Owning a home is a goal for many Americans. However, many feel like they are unable to achieve this dream due to debt. Debt is extremely common with 8 in 10 Americans carrying some form it. Student loans, personal loans, credit cards, and auto loans are common forms of debt. While being debt free is a worthy goal, home ownership does not have to be out of reach for those who are carrying around some debt. Here are three tips for purchasing a home while in debt.
Understand Debt to Income Ratios
Before going through with purchasing a home, potential home buyers should consider their budgets carefully. One thing that is important to consider is the ratio between debt and income. The debt to income ratio is calculated by adding up monthly debt payments and dividing them by monthly gross income. The higher the ratio, the more difficult it may be to make monthly payments on both debt and a mortgage.
Many lenders will not approve loans if the debt to income ratio is greater than 43 percent. Potential homeowners should know what their debt to income ratio is and consider paying down debt to reduce it before applying for a home loan.

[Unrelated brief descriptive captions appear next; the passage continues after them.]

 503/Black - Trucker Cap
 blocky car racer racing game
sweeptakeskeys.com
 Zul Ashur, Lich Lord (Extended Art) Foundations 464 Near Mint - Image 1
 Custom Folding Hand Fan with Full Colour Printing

Understand Debt Consolidation
Another thing to consider before purchasing a home is whether or not it makes sense to consolidate other debts. Consolidating credit cards or student loans can lead to lower monthly payments. This in turn can improve the debt to income ratio and make it easier to qualify for a home loan. Consolidating debt can also save a lot of money in interest, especially for credit cards. The average interest rate for a credit card is just over 15 percent. Loans and balance transfers often allow for the repayment of debt at a much lower interest rate.

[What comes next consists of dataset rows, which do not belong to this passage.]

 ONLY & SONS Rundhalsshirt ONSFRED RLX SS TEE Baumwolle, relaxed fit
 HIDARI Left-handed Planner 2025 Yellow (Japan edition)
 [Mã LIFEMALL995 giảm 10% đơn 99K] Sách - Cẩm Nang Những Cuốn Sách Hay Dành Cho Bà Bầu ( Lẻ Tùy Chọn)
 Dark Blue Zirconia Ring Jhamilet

Understand that Small Down Payments Are Possible
One of the biggest hurdles for many homeowners is the down payment required to purchase a home. However, while it may be recommended to save 20 percent for a down payment, it's certainly possible to buy a home with a much smaller down payment.

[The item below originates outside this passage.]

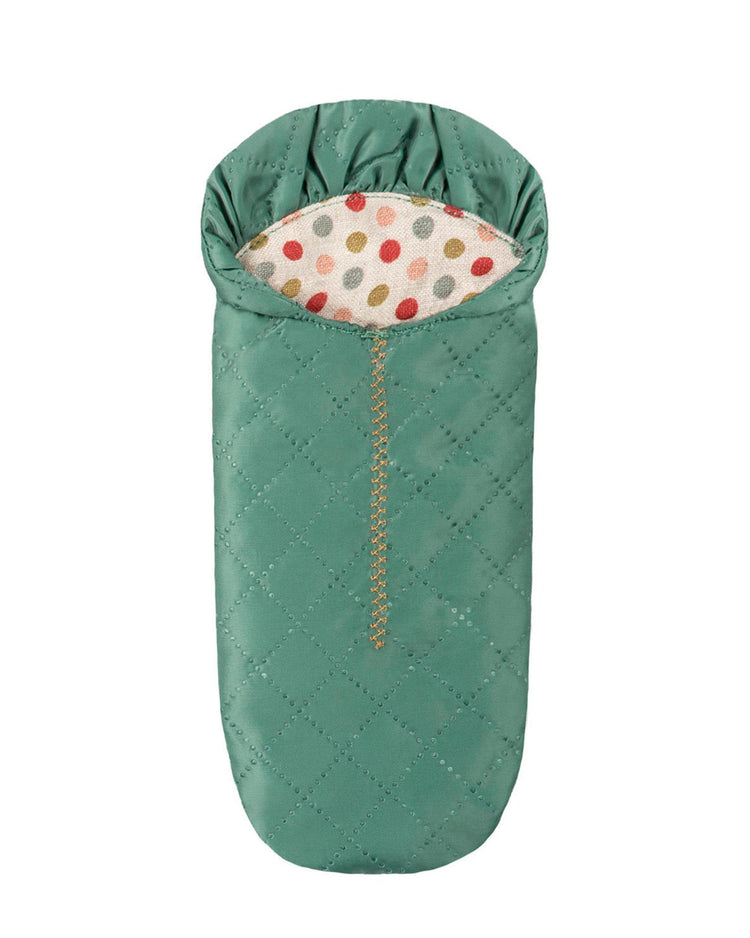 Little maileg play sleeping bag (mouse) in petrol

Federal Housing Administration backed FHA loans can require as little as 3 percent down. The downside is that it may be necessary to pay an upfront fee and mortgage insurance. For those who have trouble saving up for a larger down payment due to debt, loans that require lower down payments may be the way to go.
Purchasing a home is a big step both financially and personally. Many who have credit card debt or student loans may think that owning a home is out of reach. However, it may be a possibility. Before buying a home it's important to consider debt to income ratio and whether or not consolidating debt is a good option. It's also possible to buy a home with a down payment of less than 20 percent.